精密機械のようなミハエル・シューマッハー

なぜ琢磨選手ファンにミハエル・シューマッハーのことなんか話して聞かすのか、疑問に思われる方も多いと思いますが、彼は現在最も優れたレースドライバーであり、最も優れたテストドライバーでもあると言われています。昨シーズン、フェラーリが独走できたのも彼だけとはもちろん言いませんが、彼の開発力の高さによるところもかなり大きいと私は思っています。従って、彼の偉大さを知ることにより、テストドライバーの資質がいかに車の開発に重要なのかがわかると思いますし、また、近い将来琢磨選手がトップ争いする(引退しなければですが)相手を知っておくのも悪くはないでしょう。

M シューマッハーは精密機械のようなドライバーである、と評されます。何が精密機械のようなのか? マーチン・ブランドルの言葉から拾ってみました。

「彼は何十周走っても、第一コーナー手前のブレーキングポイントが50cmと狂わない。」 時速300km超のスピードで走っている第一コーナー手前での50cmとは、時間で言うと0.006秒になります。つまり彼は0.006秒を踏み分けることが出来るのです。

「彼は何十周走っても、どのコーナーのタイヤの軌跡も、10数cmほどしかずれない。」  平均時速200kmという極限状態で走り続けながら、暴れ馬とも言われる強大な馬力の車をわずかな誤差でコントロールできるのです。

また、かつての同僚、エディー・アーバインは初年度、テストを独占するM シューマッハーに不平を口にしていましたが、翌年度から同様なテストをするに至って、「あんなハードスケジュールを喜んでこなしているなんて、あいつは狂っているよ。1日やったら回復に2〜3日かかるくらいハードなのに毎日やろうってんだからね」というくらい、体力、気力的にも超人であるようです。

彼の偉大さを語ったたくさんの言葉のごく一部ですが、同じF1ドライバーにとっても彼は特別なのですね。

さて、テストの際にテレメトリで収集したデータは数値と共に、さまざまなグラフの波形で表示されます。これらの数値やグラフを比較検討し、ドライバーからのフィードバックも勘案しながら開発が進められていきます。連続して周回した際の波形が、毎周ほとんどピッタリ重なるのはM シューマッハーだけと言っても過言ではないそうです。その波形に変化が見られるとすれば、それは燃料の減少とタイヤの磨耗による影響がほとんどだということです。従って、その二つの要因をデータから差し引いてやると、パーツやセッティングの変更前後の効果や悪影響が「具体的な数字」で把握できるのです。また、それらのデータは彼のフィードバックを裏付けるものとなっている模様です。(ドライバーによってはデータと食い違うフィードバックをする者もいるそうで、開発現場は混乱してしまいます)

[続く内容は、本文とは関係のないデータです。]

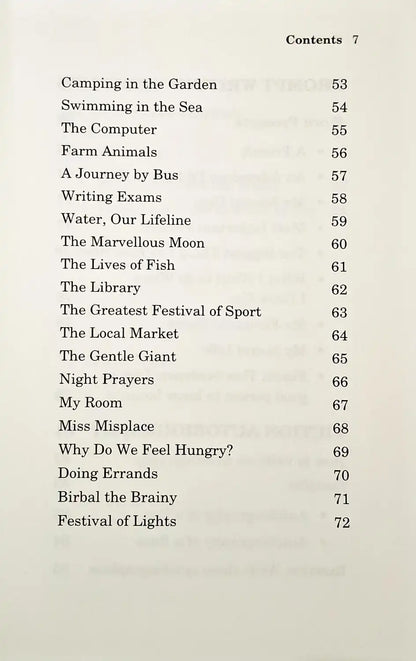 My Super Sonic Book of Essays | Primary Level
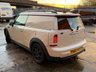 USED 2013 02 MINI CLUBVAN 1.6 Cooper D Car Derived Van 5dr Diesel Manual Euro 5 (s/s) (112 ps) Full service History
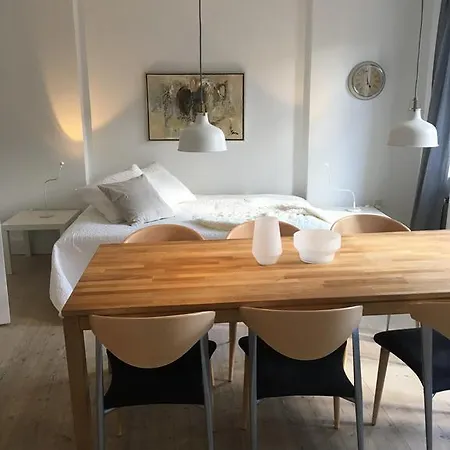 One-bedroom In - Nørrebrogade 56 *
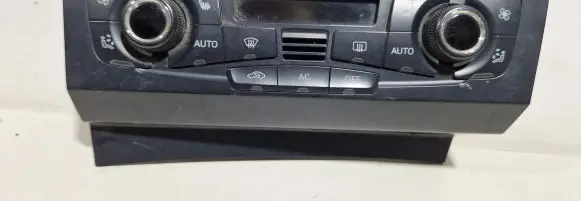 Audi A4 S4 B8 8K Climate control unit 8T1820043R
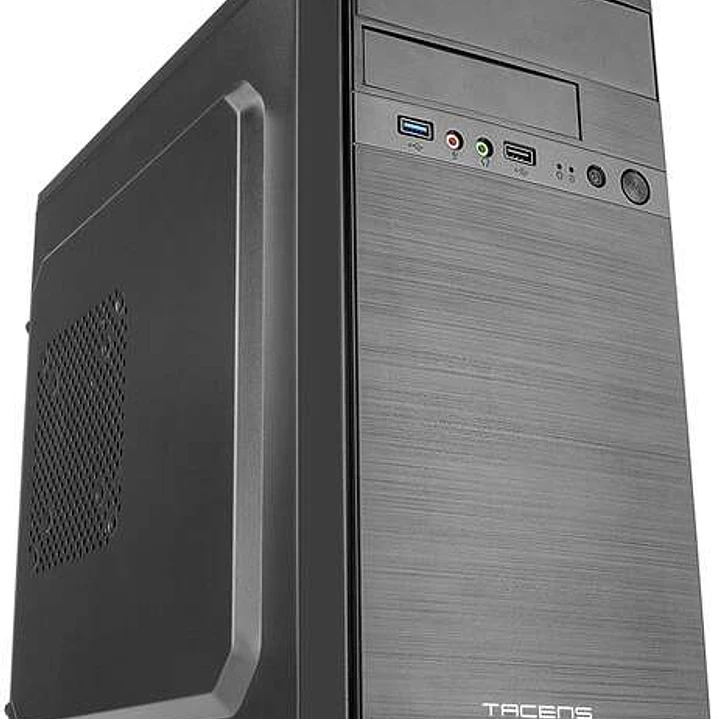 Tacens Anima AC4 Caja Minitorre Micro ATX, Mini-ITX - Tamaño HDD 2.5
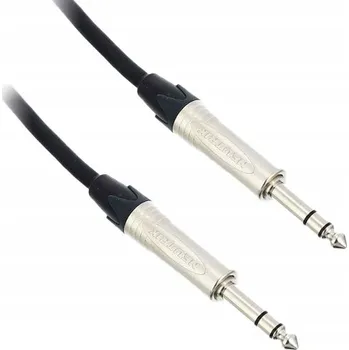 Audio kabel Kabel jack 6,3 mm - jack 6,3 mm PRO Snake 17580-3,0 3 m (Kabel 6,3 mm jack - 6,3 mm jack, 3 metry)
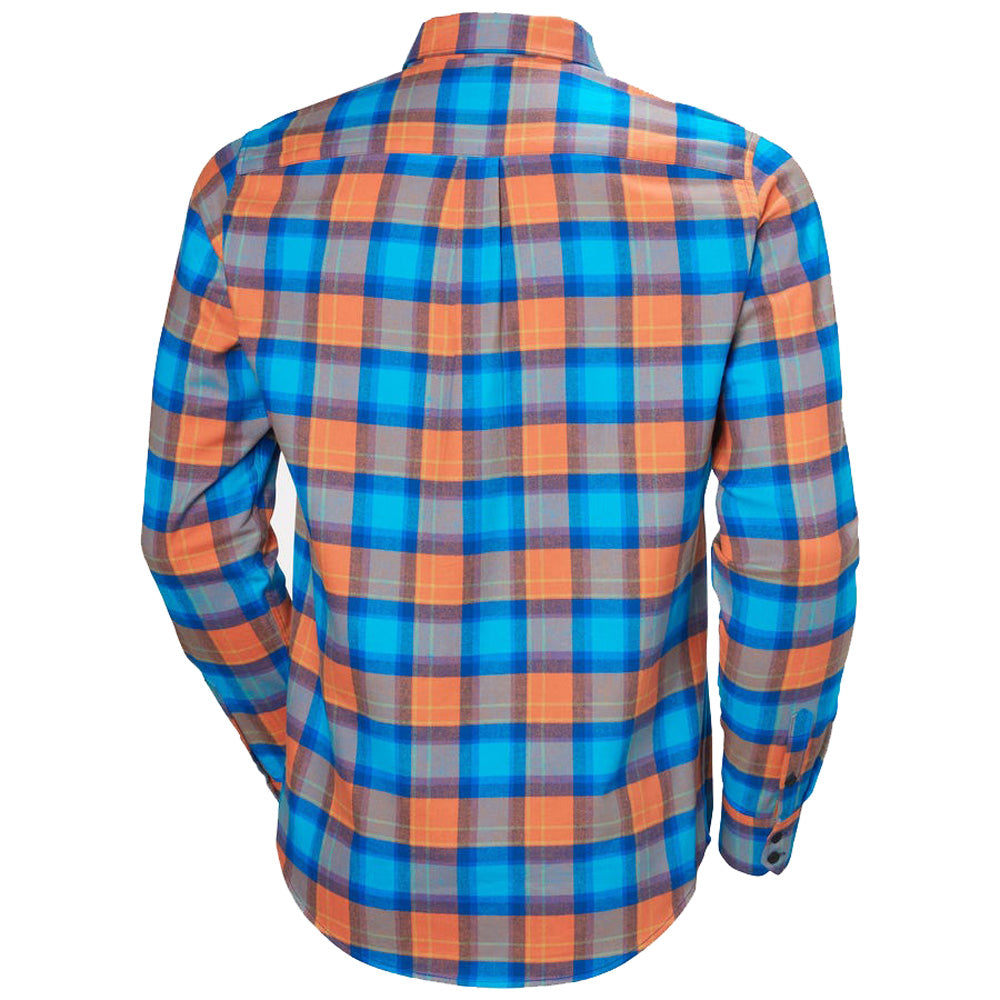 Helly Hansen Men's Lokka Flannel Shirt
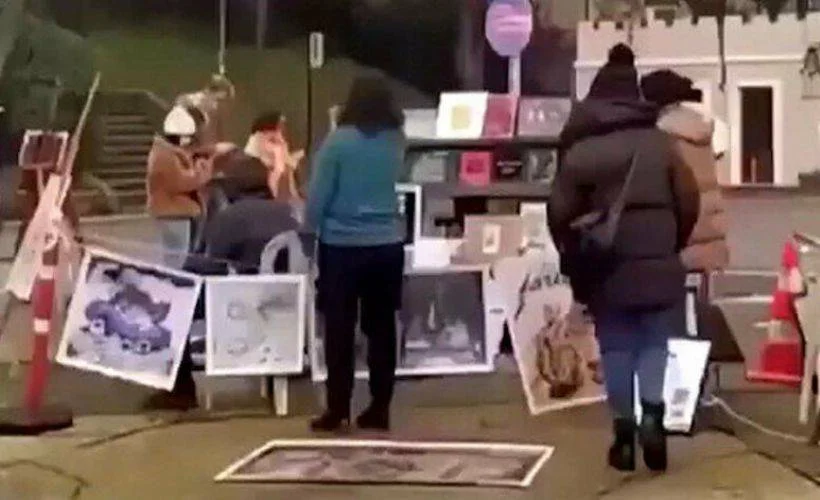 Büyük tepki toplamıştı... Canlı yayına çıkmaya hazırlanıyorlar
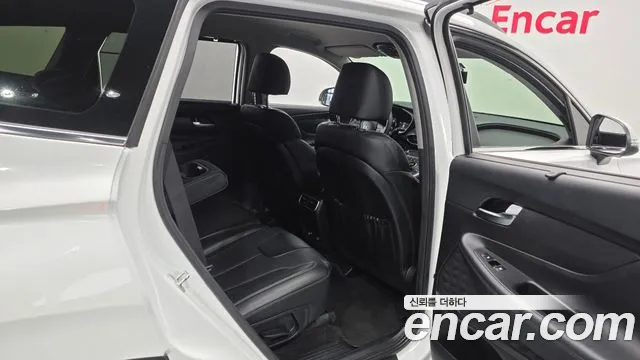 Hyundai Santa Fe New — Фото автомобиля 18
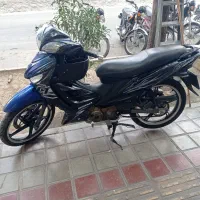 مودناس گلکسی ژاپنی|موتورسیکلت|اصفهان, برازنده|دیوار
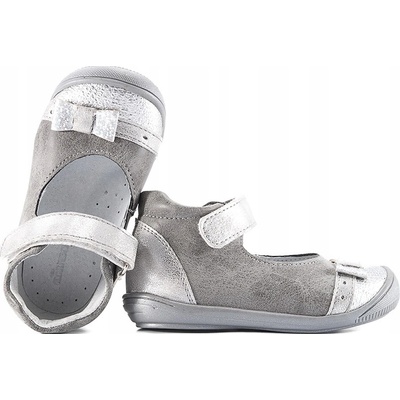 Kornecki 6068 balerínky dívčí polobotky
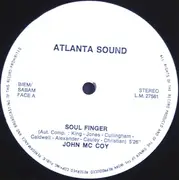 12inch Vinyl Single - John Mc Coy - Soul Finger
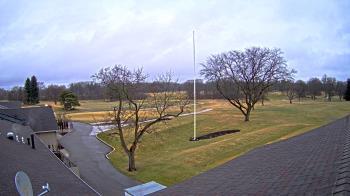 Weather camera view of Highland Meadows Golf Club.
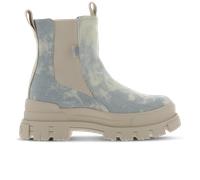 Buffalo Aspha Femme - Bottines, Bleu - Taille 39 - Cuir Blue 39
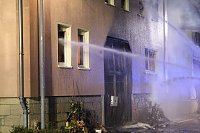 Bild: Gro&szlig;einsatz f&uuml;r die Feuerwehr in Kirchworbis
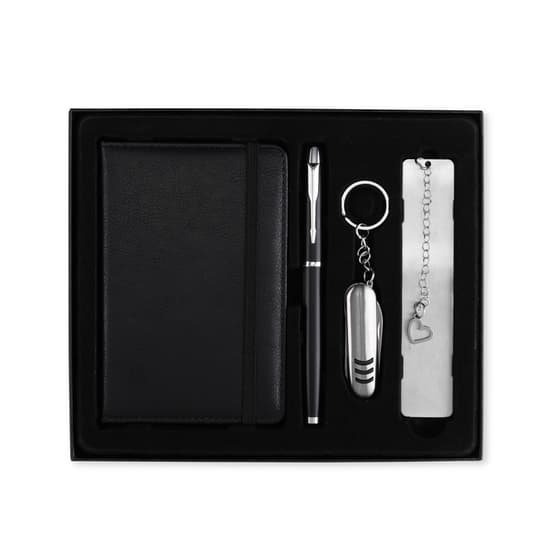 Kit Executivo 4 Peças Personalizado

いずれ「フェラーリに見る成功例」として詳述する予定ですが、現在群を抜いて優れているといわれるフェラーリのマシンができたのも、このようなM シューマッハーのテストドライバーとしての能力によるところが非常に大であるようです。

余談ですが、M シューマッハーはかなり強めのオーバーステアが好みのようで、ベネトン時代は彼が開発を一手に引き受けていたため、どんどん乗りにくい車に変身してしまった、とジョニー・ハーバートが以前ぼやいていました。そして、それを引き継いだジャン・アレジとゲルハルト・ベルガーは大変扱いにくい車に困惑したそうです。まあ、若気の至りゆえというか、傲慢さが現れていたのかもしれませんね。ただ、フェラーリに移籍してからは改心したのか、はたまたジャン・トッドなどの優秀なマネージメントサイドが要求したのか、車の作りはニュートラルなものに仕上げ、セッティングで好みを出すようにしたそうです。

また、ブランドルによると彼は昨今のウイングによりダウンフォースを得て走るF1で絶対にやってはいけないはずのドリフト走行を好んで実践する珍しいというか、神業的ドライバーだそうで、絶対に真似ができない、と言ってました。

通常、ドリフトさせてノーズをコーナー出口へ向けると早くアクセルが踏めるので良いとされていますが、F1ではなぜ、いけないのか。F1のウイングは進行方向からの風を受けて最大のダウンフォースが得られるように作られています。したがって、ドリフトすると風は進行方向以外から来るため、「スコン」とグリップが消えてスピンを始めます。このようにドリフトすると車の挙動が不安定になりコントロールが難しくなるため、通常ドリフトは避けるべきだとされていますが、M シューマッハーはその類まれな技術でコントロールし、速さに結び付けているのですね。 (それゆえ彼のコーナーのライン取りは他の選手とかなり違うそうですね)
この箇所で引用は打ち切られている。